Relay-Version: version B 2.10 5/3/83; site utzoo.UUCP
Posting-Version: version B 2.10.2 9/18/84; site topaz.ARPA
Path: utzoo!watmath!clyde!cbosgd!cbdkc1!desoto!packard!topaz!@RUTGERS.ARPA:coraki!pratt@Navajo
From: pratt%Navajo@.ARPA
Newsgroups: net.works
Subject: PDP-8 Story
Message-ID: <1864@topaz.ARPA>
Date: Thu, 2-May-85 00:27:42 EDT
Article-I.D.: topaz.1864
Posted: Thu May  2 00:27:42 1985
Date-Received: Fri, 3-May-85 03:04:08 EDT
Sender: daemon@topaz.ARPA
Organization: Rutgers Univ., New Brunswick, N.J.
Lines: 76

From: coraki!pratt@Navajo (Vaughan Pratt)
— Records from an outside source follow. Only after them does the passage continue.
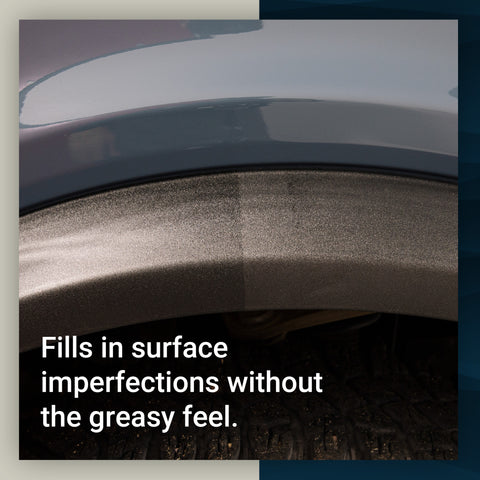 Close-up of a vehicle's trim showing Trim Sauce filling surface imperfections for a smooth, non-greasy finish.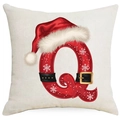 Christmas pillowcase featuring festive letter Q design with Santa hat on beige linen fabric - Letter Q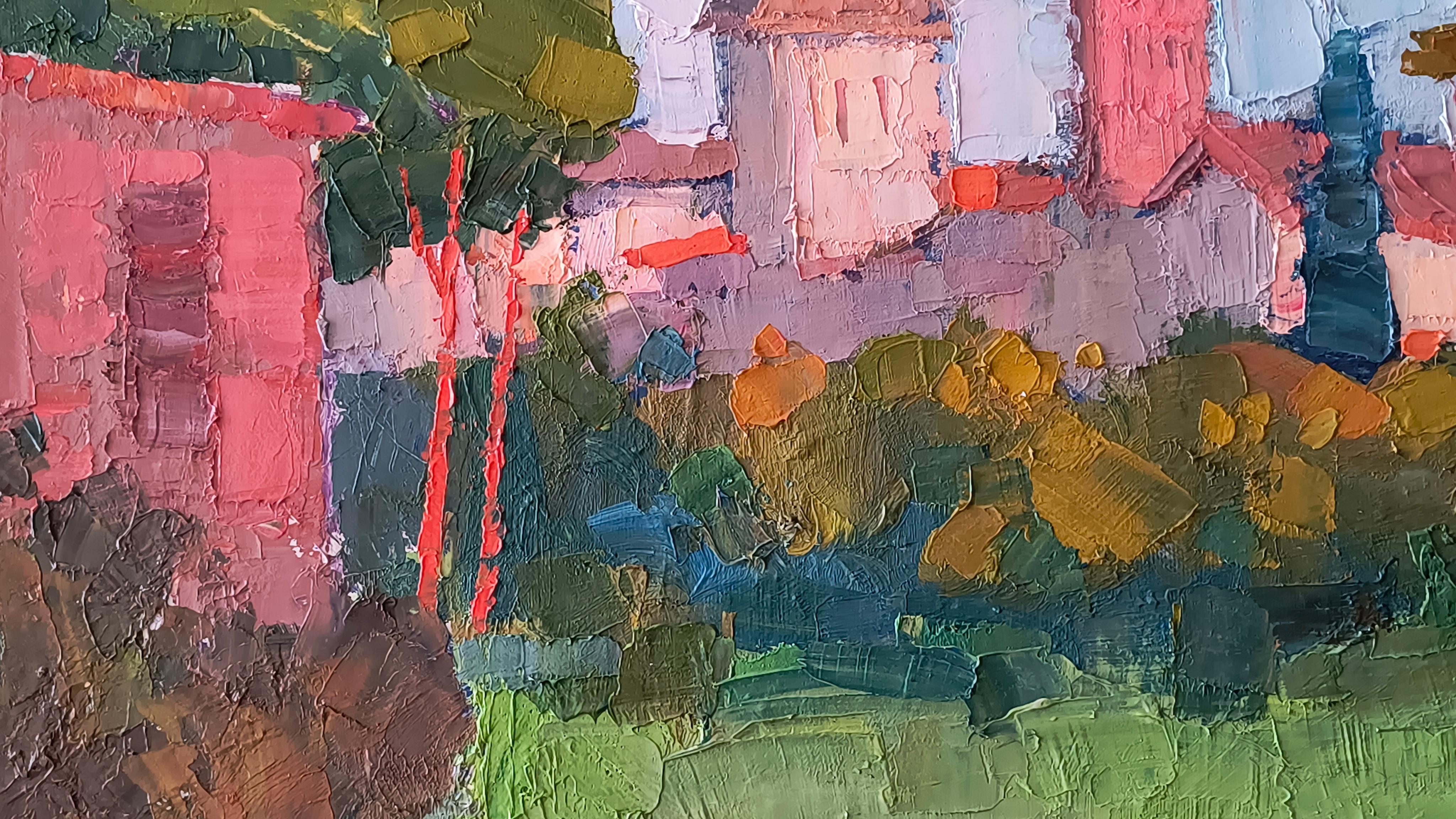 Evening light. Landscape painting, impressionism, horizontal, city, lake For Sale 1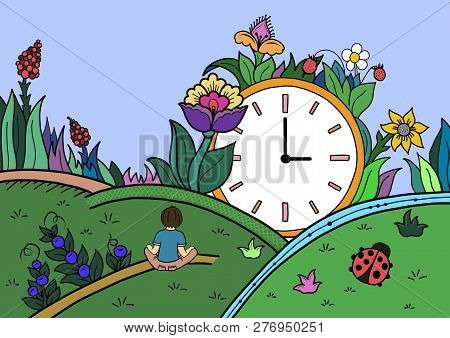 Boy Sitting 

On The Grass Meditation Time Concept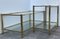 Mid-Century Modern Brass Side Table & End Console Table in Glass, Set of 2 2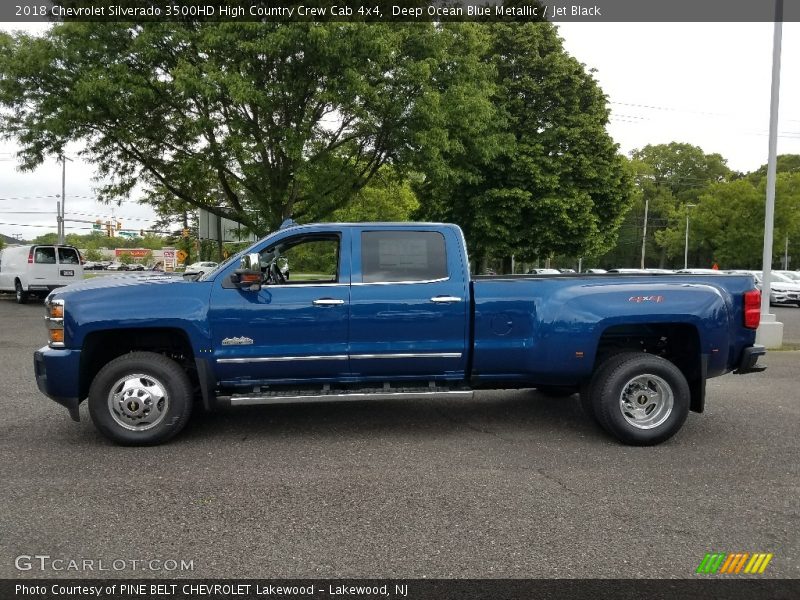 Deep Ocean Blue Metallic / Jet Black 2018 Chevrolet Silverado 3500HD High Country Crew Cab 4x4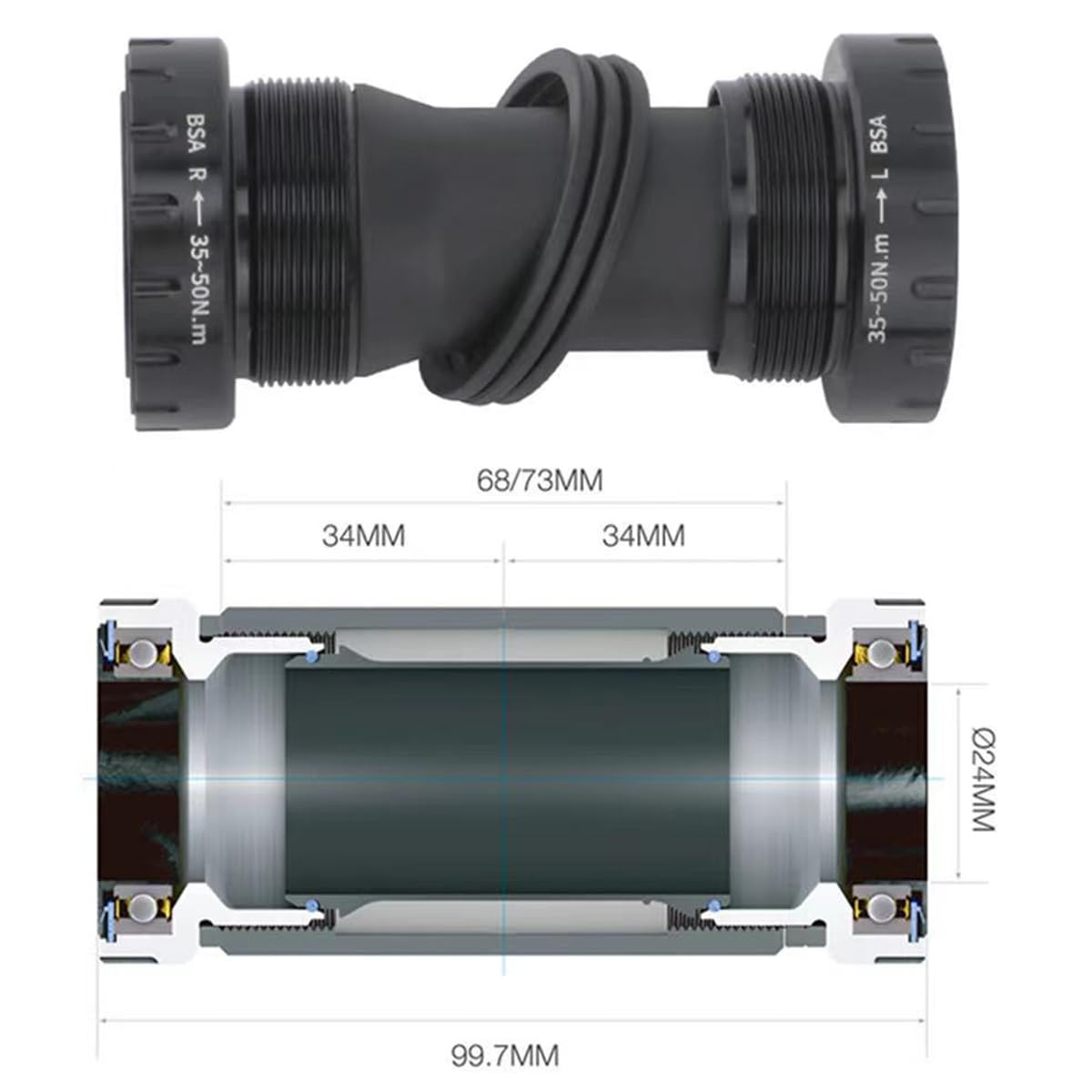 170mm/175mm MTB Platos Y Bielas Integrado Hueco Aleación De Aluminio Monoplato Bielas 30/32/34/36/38T Plato con BSABB Compatible con 10/11/12 Velocidades(Black 170mm,36T)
A hearty hear-hear for Peter Barada's praise of the PDP-8.  Here's a
PDP-8 story I never got around to telling, but which in retrospect
was a fun project.

At Sydney University in 1969 I wanted a workstation (by concept, not by
name, the word "workstation" didn't appear till the 1980's) on which to
do my Master's thesis project.  The only candidate was a 4K PDP-8
purchased ostensibly as a $10K cog in a $50K wheel consisting of a 338
vector display system.  Simultaneously a psychology Ph.D. student and I
independently realized that it would be perfect for our respective
projects, his to run experiments monitoring interference between human
video and audio channels, mine to write an interactive solver of
syllogisms of the kind Lewis Carroll used to publish in newspapers.  We
agreed that he would have it for the mornings and I for the
afternoons.

When it became clear that my project would not fit, I reduced its scope
to mere translation of English syllogisms into conjunctive normal form,
ready for input into a ground-resolution theorem prover (which I would
have written to turn the project into a Ph.D. thesis had I stayed at
Sydney).  The final program ran entirely within the 4K PDP8 (no
overlays), using a Model 33 10-cps teletype as its only peripheral.
Code and data storage was split 50/50.  Here's the breakdown of memory,
with rough sizes.

Modules:
	Operating System
		Bootstrap Loader (20)
		Load-and-go Assembler (homebrew) (160)
		Debugger (ODT) (400?)
		Interrupt handler (for parallel reading and printing) (90)
	Datatype runtimes
		String package (100)
		List package (cons/car/cdr + "manual" GC) (128)
		Sparse matrix package (for Younger's algorithm) (200)
	Natural language
		Lexical analysis (80)
		Parser (Younger's algorithm) (200)
		Syntax-directed translator (450)
	Logic
		AND-OR-NOT for CNF expressions (160)
Databases:
	Dictionary: ~150 "closed-class" words (prep., pron.,conj.,adv.) (500)
	Affixes: ~20 prefixes and suffixes
	Grammar: 156 productions (300)
	Semantics: one expression per production, in RPN (250)
Work Areas:
	I/O and string buffers: 256
	Younger matrix: 500
	Free list space: 200

n-word sentences were parsed at .007n**2 seconds, always.  (The n**3
bound for Younger's algorithm is worst case, expect n**2 for typical
grammars of English.)  For each parse the output consisted of a list of
phrases from the sentence each labelled with a letter, and a
conjunctive normal form formula using those letters.  Its biggest
problem was that it would sometimes find half a dozen parses of a
sentence, not all yielding the same output, a problem I did not deal
with.  For about 3/4 of the 200 sentences in Carroll's collection of
syllogisms, at least one of the parses would yield the correct output.
The main problem here was lack of time for tuning the grammar.  The
program did much better than I expected in figuring out the parts of
speech of open class words (nouns, verbs, adjectives) it had not seen
before.

Near the end of the project I found myself squeezing in additional
instructions by patching in jumps to pages where there were still a few
empty words.  No way was this program ever going to get additional
functionality without getting another 4K!

That reminds me, I need to get another megabyte for my Sun, 2Mb is too
small for big Franz packages.

-v